Center for Composite Materials - University of Delaware

LIMS: Liquid Injection Molding

Liquid Injection Molding Simulation (LIMS) Program

Liquid Injection Molding Simulation (LIMS) is a software tool that simulates the mold filling stage of Liquid Composite Molding (LCM) processes by modeling flow through porous media by Finite Element / Control Volume Method. It provides a simple and cost-effective way to verify and optimize filling process design by providing a “virtual” mold filling process. This allows one to avoid or reduce the actual physical trial and error process which tends to be resource-intensive and also to test effects of process parameters and disturbances without actually trying them (below).

 

LIMS

LIMS has been successfully used to design and simulate intelligent or adaptive filling process that utilizes sensors mounted on the part and controllable injection hardware, either as a stand-alone program or as a simulation engine for other programs. Because of the scripting capability, various LCM process variants were successfully modeled.

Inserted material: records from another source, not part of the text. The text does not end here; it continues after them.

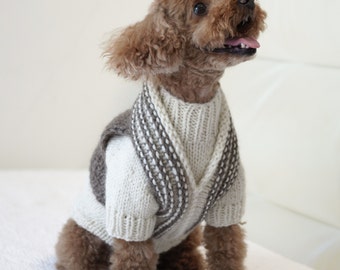 Brown Vest/knitting pattern for dog/Dog knitting pattern/Pattern for dogs/Sweater pattern/knitting pattern/dog knitting patterns
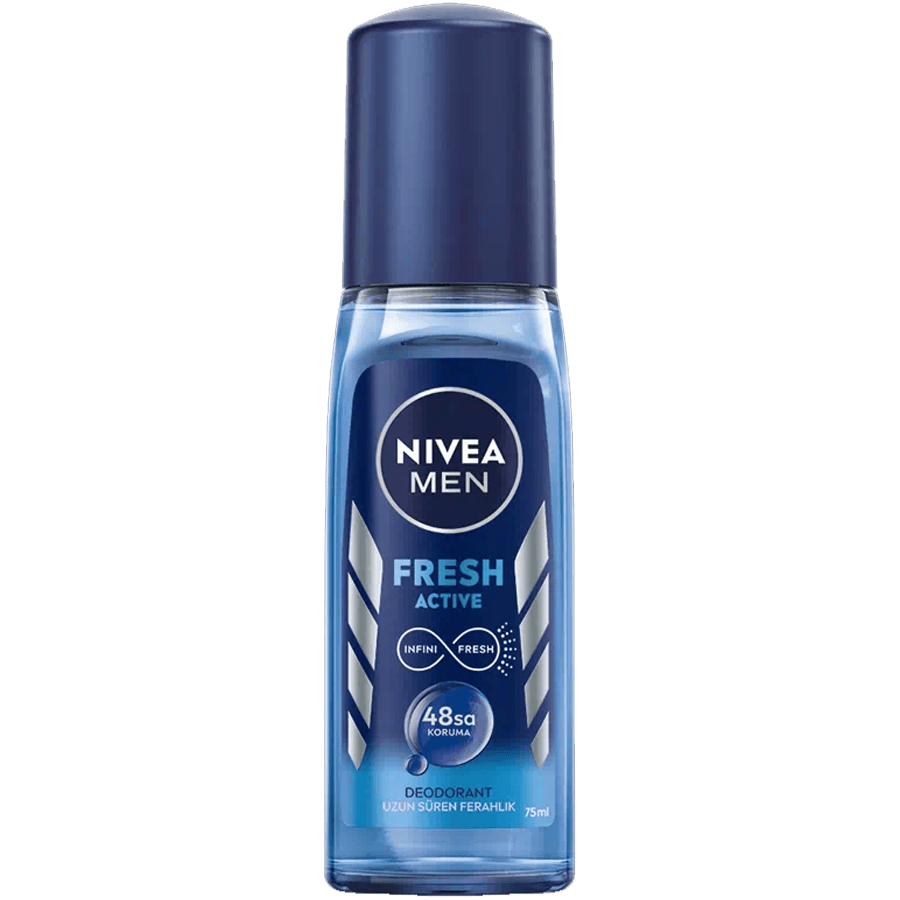 Nivea Men Fresh Active Pump Sprey 75ml-Uzun Süren Ferahlık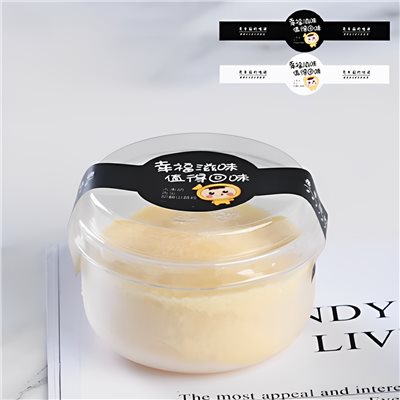 布丁杯140ml（杯+蓋+貼）-10入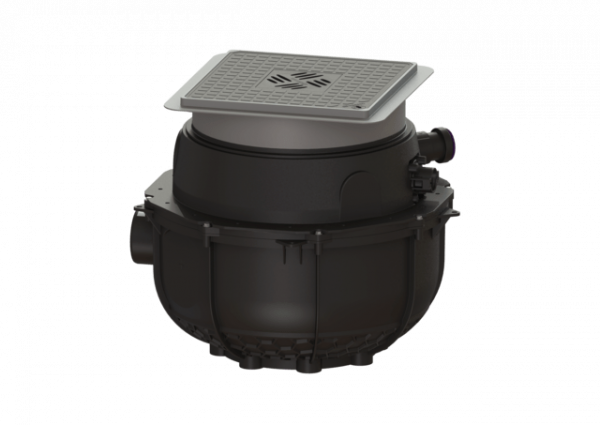 KESSEL Hebeanlage Aqualift S Compact Mono, GTF 1200, Bodenplatte, schwarz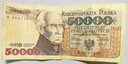 1993 50000 zł złotych Staszic seria A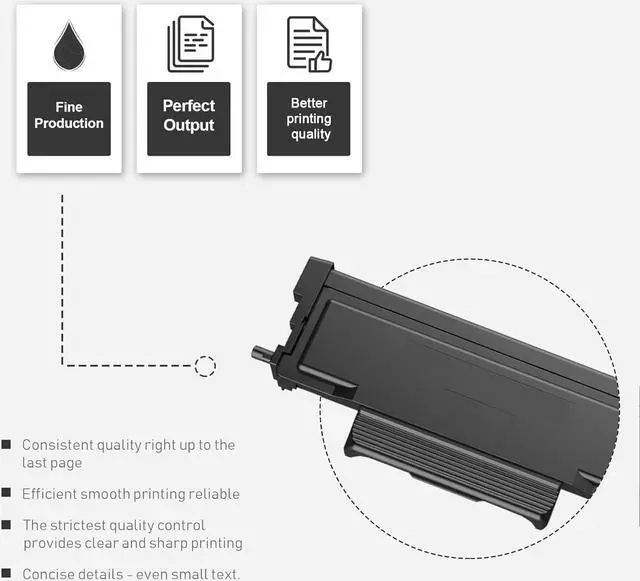 Alt view image 5 of 5 - TL660 TL630 Toner Cartridge (1 Pack, Black) - Lovn Compatible TL-660 TL-630 Toner Cartridge (Up to 3,500 Pages) Replacement for Pantum L2300DW L2350DW L2710FDW M15DW M29DW M118DW Printer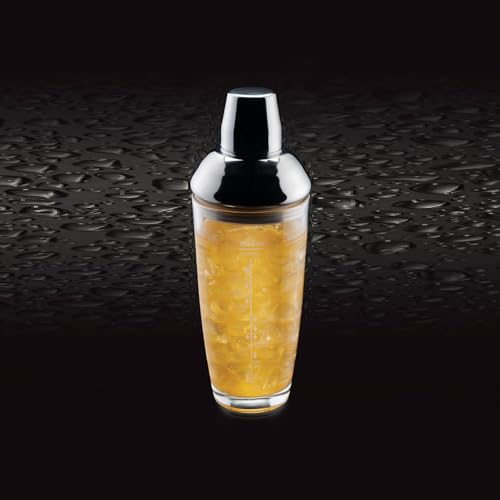 Barcraft 700ml Easy Cocktail Shaker with Printed Recipes for Beginners & Pros | Glass & Stainless Steel Boston Shaker Set for thinKitchen - Image 4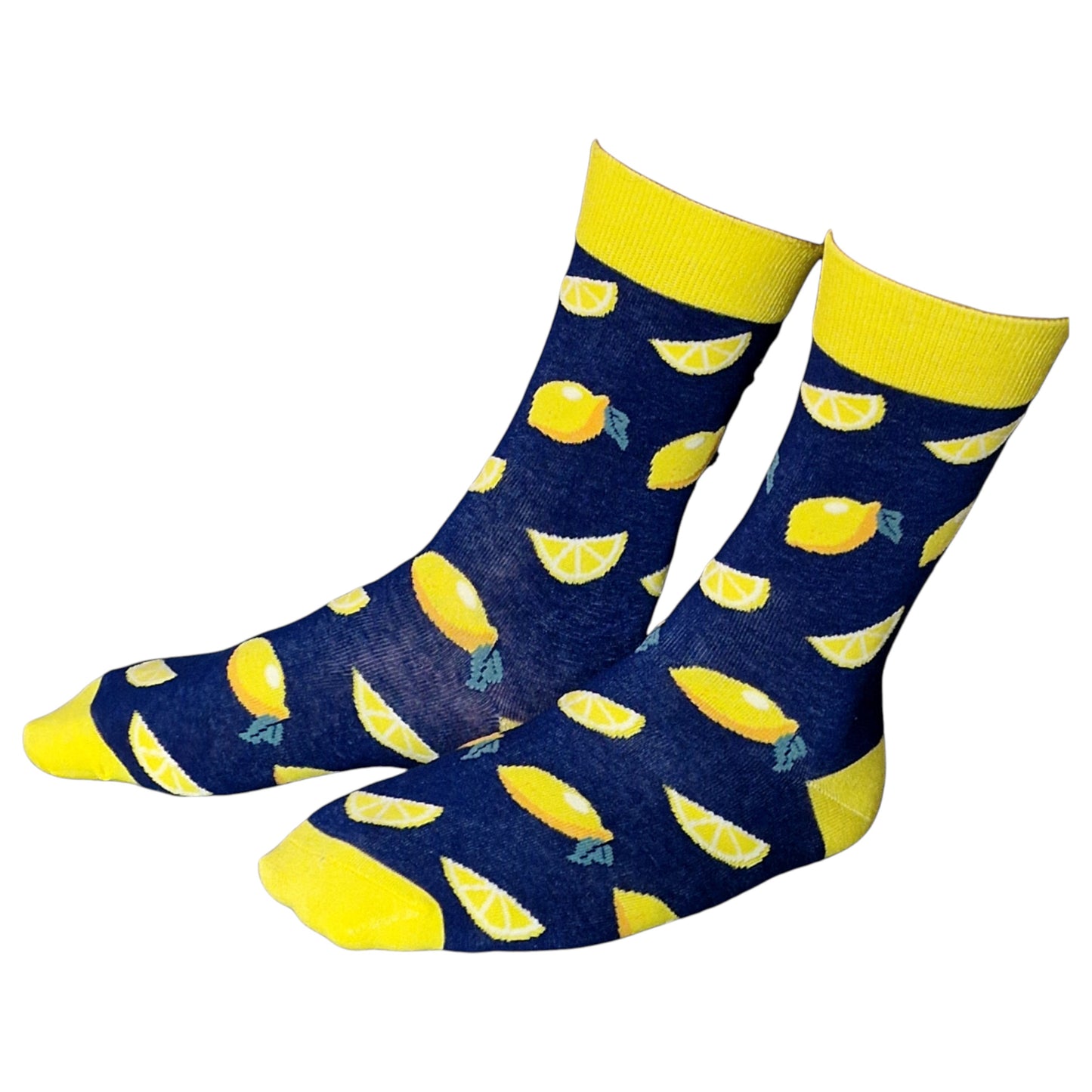Bitter Lemon Wedges Zesty Fruit Bold Ladies Socks & Wax Melts Gift Set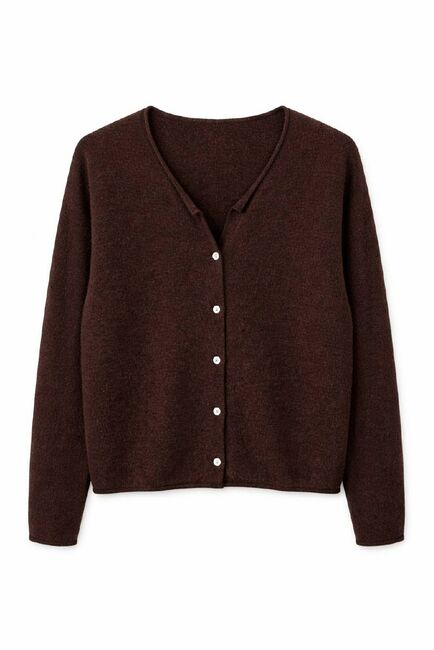 Кардиган из кашемира темно-коричневый-82023 от byME 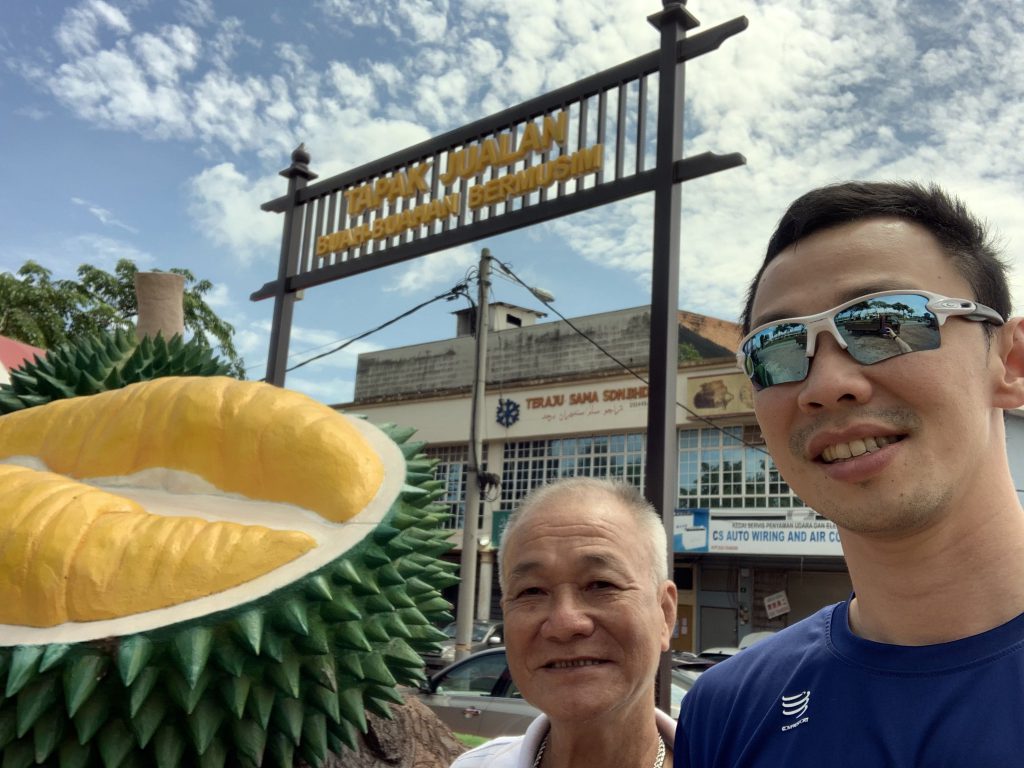 Durian in Yong Peng!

The history of this simulation package goes to early 90’s when Bruschke and Advani created the original program based on even older simulation (TIMS) by Advani and Tucker. The program would solve the infusion flow within shell like structure (2.5D) and with second and third release some rudimentary flow control (sequential injection) and approximate non-isothermal solver.

In 1996-7 the program was rewritten from scratch by the current authors to implement the much faster incremental solver by R.S. Maier et al. and proper process controls. This became the version 4.0. The need for simulation engine to be controlled from other application lead to the version 4.1, which added the executable controllable from other programs, such as the graphical user interface below.

lims2

LIMS version 4.2. implemented simplified non-isothermal solver. This version was abandoned with growing requirements for fully three-dimensional simulation to deal with thick parts and distribution layers. These came – together with one-dimensional elements to model distribution lines and racetracking with the currently maintained version 5.0.

Several experimental versions were created to model flow in gravitational field, to improve the modeling of inlets and to provide full three-dimensional non-isothermal solver. Number of extensions were also added using the scripting engine.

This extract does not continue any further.